Arriving at Woodvine probably ends our autumnal adventures which included following the fall colors, starting in Minnesota during late September.  Most of the trees here are mere skeletons of their summer appearance.  They are mostly bare of leaves except for a few, brown, post oak leaves which cling tenaciously in spite of winter winds.  However, there is still a surprising amount of color in the mid and lower canopy of the forest.  Not the brilliant colors of maple in Minnesota, but a more subdued red can be found in the young water oak leaves.  One of the most attractive is the few remaining leaves on dogwoods.  Their color borders on peach-maroon -- what other colors would they be in Aggieland, the home of the maroon and white, fighting Texas Aggies?  The leaves of the sparkleberry are now in full color adding shades of red, orange, and peach to the undergrowth.

The bare limbs of trees expose the Spanish moss and bright green color of brier and resurrection fern that are often concealed by summer foliage.  Some of the yaupon - also called Christmas berry - bear heavy crops of red berries as they await the invasion of migrating robins.  At some point, during the winter our woods will be alive with robins gorging on these yaupon berries which taste so awful to my palate.  Yaupon was named Ilex vomitoria for good reason.  When we once owned a real house, Pat would ask me to cut several branches of berry loaded, yaupon branches to decorate the fireplace mantel during Christmas.  Now that we live among the yaupon, it is more fun to observe them as they live naturally.  Took a small walk into the woods this morning to see the native holly trees -- which also evoked more Christmas spirit.  Adding to the color of the winter woods are bright purple clusters of Spanish mulberry fruit which still adorn the leafless stems.

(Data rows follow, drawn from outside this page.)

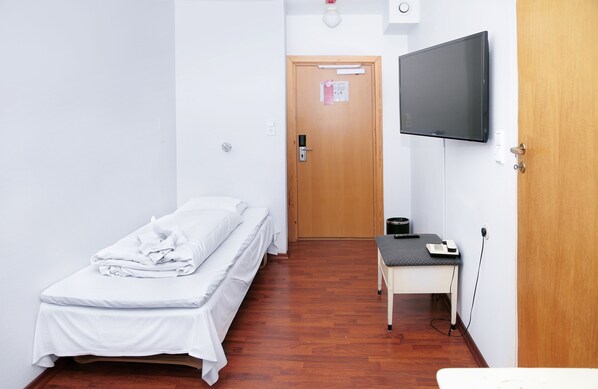 Een kleine, schone kamer met een enkel bed, een bureau, een stoel, een televisie en een deur.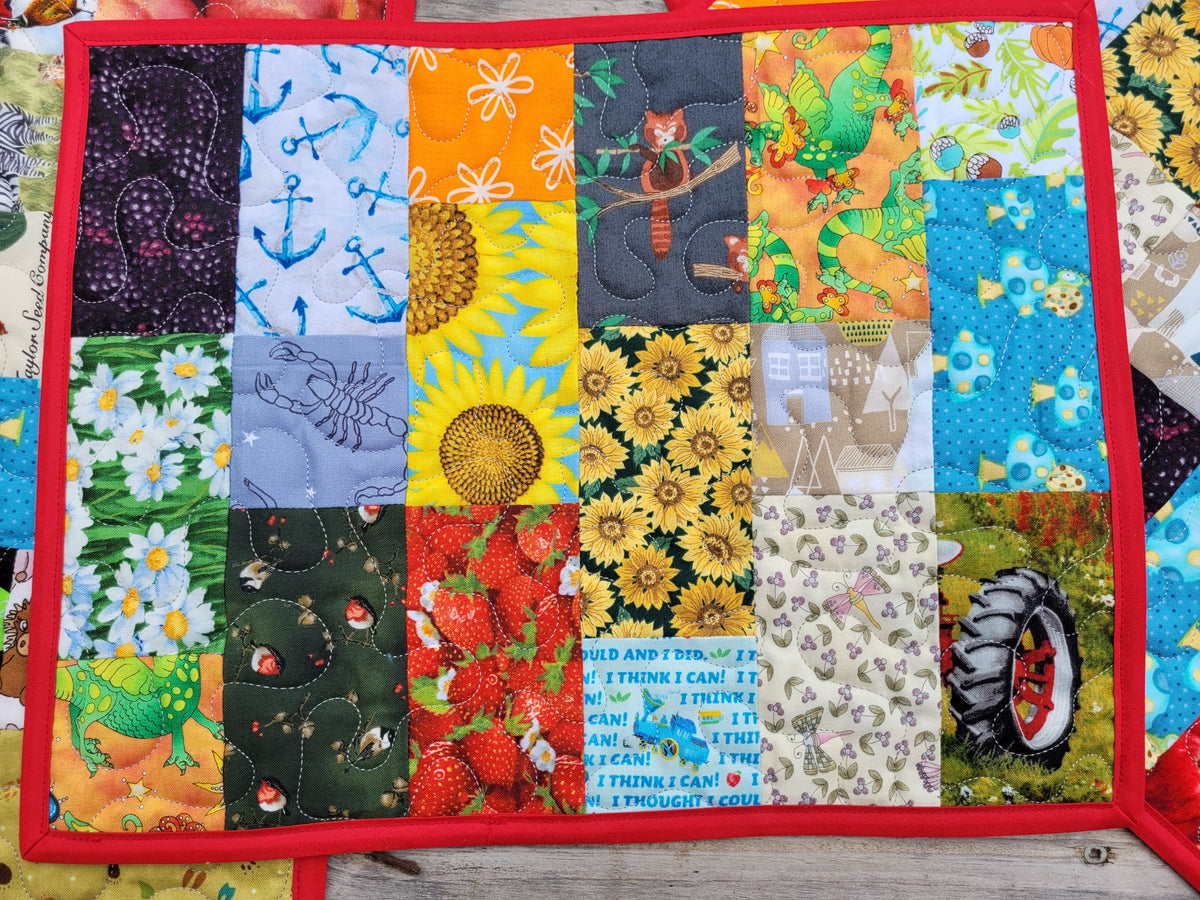 A square patchwork placemat with a red border, featuring various colorful fabric panels with patterns like sunflowers, strawberries, anchors, trees, and text prints, laid flat on a wooden surface.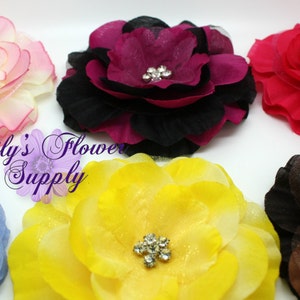 May include: Six fabric flower hair clips in various colors, including pink, red, yellow, blue, brown, and purple. Each flower has a rhinestone center.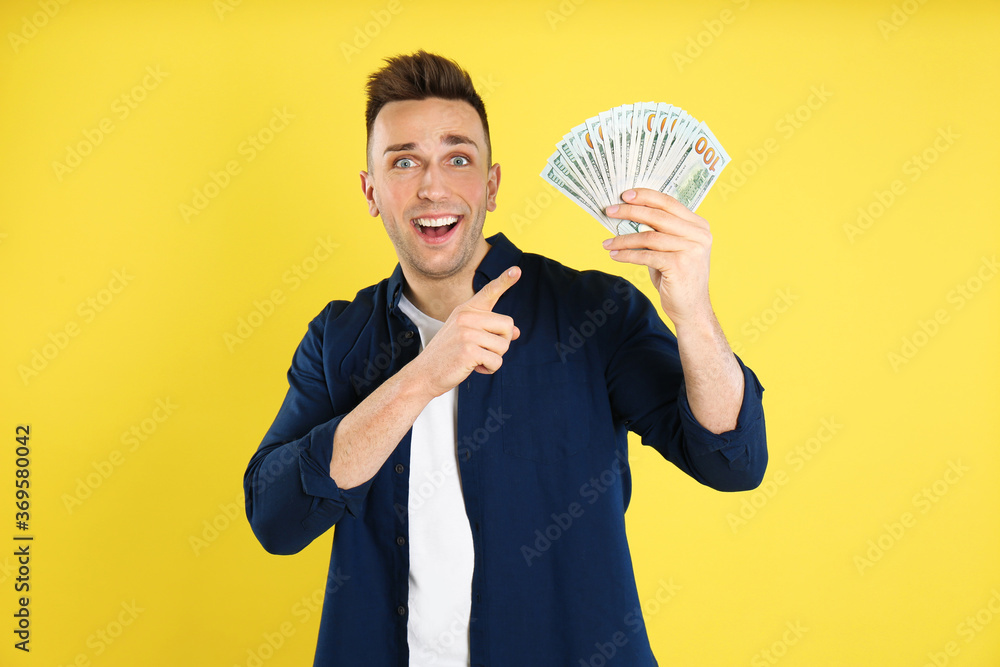 Emotional man with cash money on yellow background Emotional man with cash money on yellow background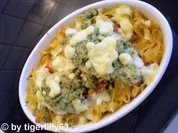 Knusper-Seelachs auf Tomatennudeln - Rezept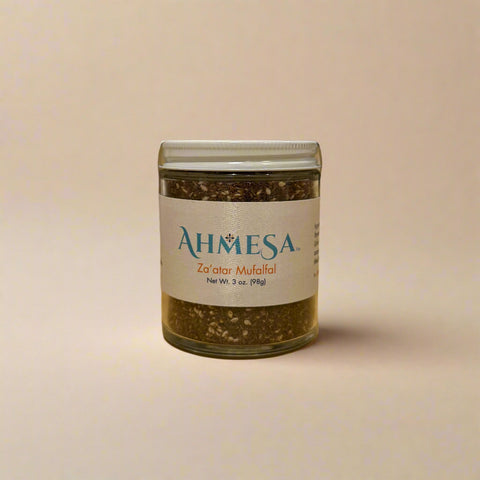 Jar of Ahmesa za'atar mufalfal seasoning on a wooden surface.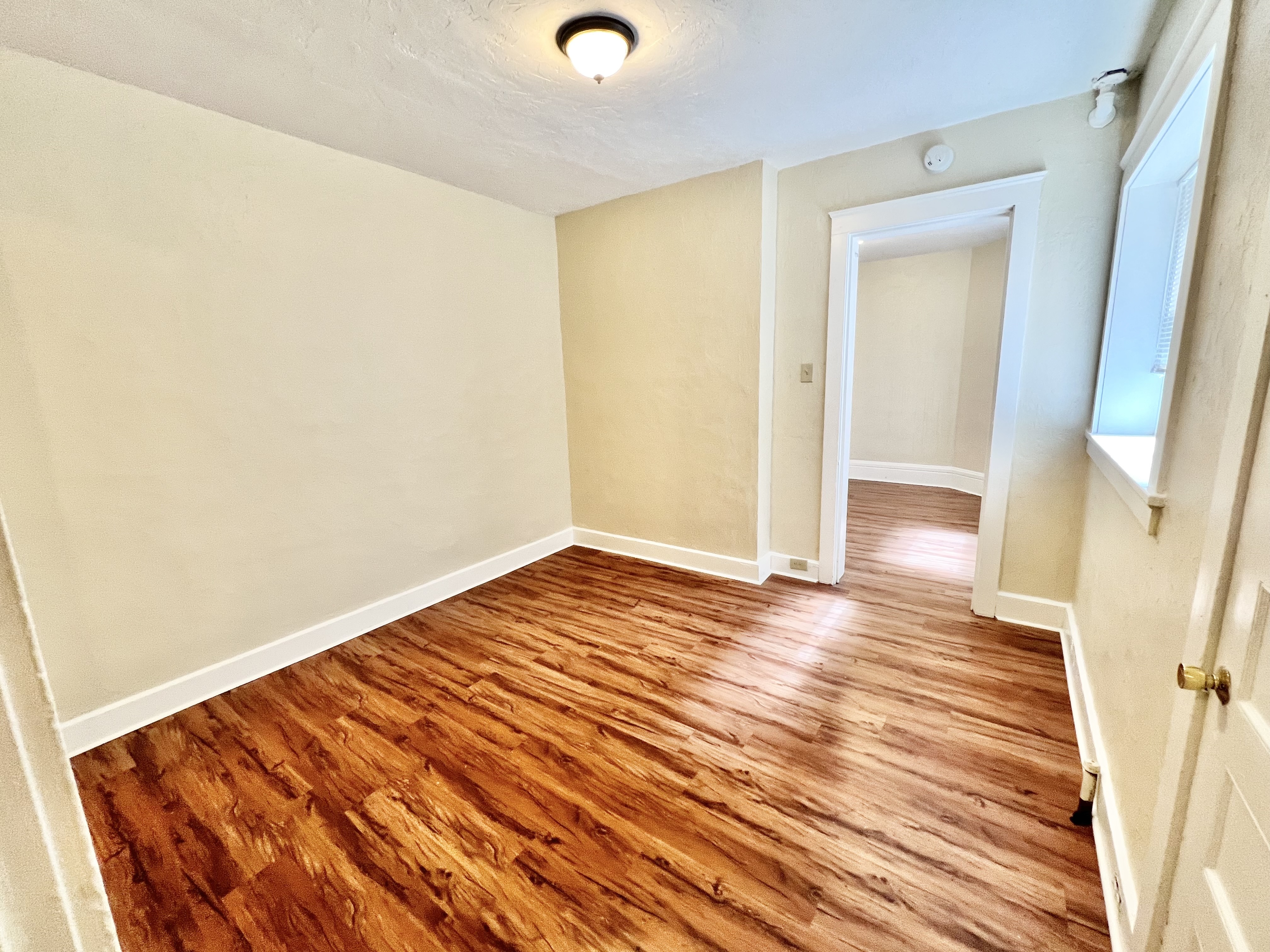 Bright and airy room with elegant wooden flooring and clean, neutral walls, perfect for creative interior designing.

One whitetail buck - that lives in our Wickon creek bottom - and I have a major Christmas disagreement.  I wish to keep the healthy and handsome young rusty blackhaw growing down by the creek.  The buck has other ideas.  In the process of rubbing off the pesky velvet from its antlers, it skinned most of the bark from the young tree.  The tree may live, but it will be forever changed by the encounter.  The evidence is fresh, which means that the rutting season cannot be far away and Christmas is here.  

The pair of Carolina wrens (maybe the same pair that built so many nests in the frame of Serendipity this spring) search for food in a brush pile outside our window.  No, I have not yet seen any moss in their beaks as they prepare to invade us again, but we will be watching! 

Since we left Woodvine in August, the yaupon, Spanish mulberry, and brier vines have grown a couple of feet tall in the driveway.  As we drive over them, they ping against the metal parts under my plastic car.  I will chop off their heads during the next few weeks.

It is good to be home with all our faunal, floral, and human friends to celebrate this time of changing seasons.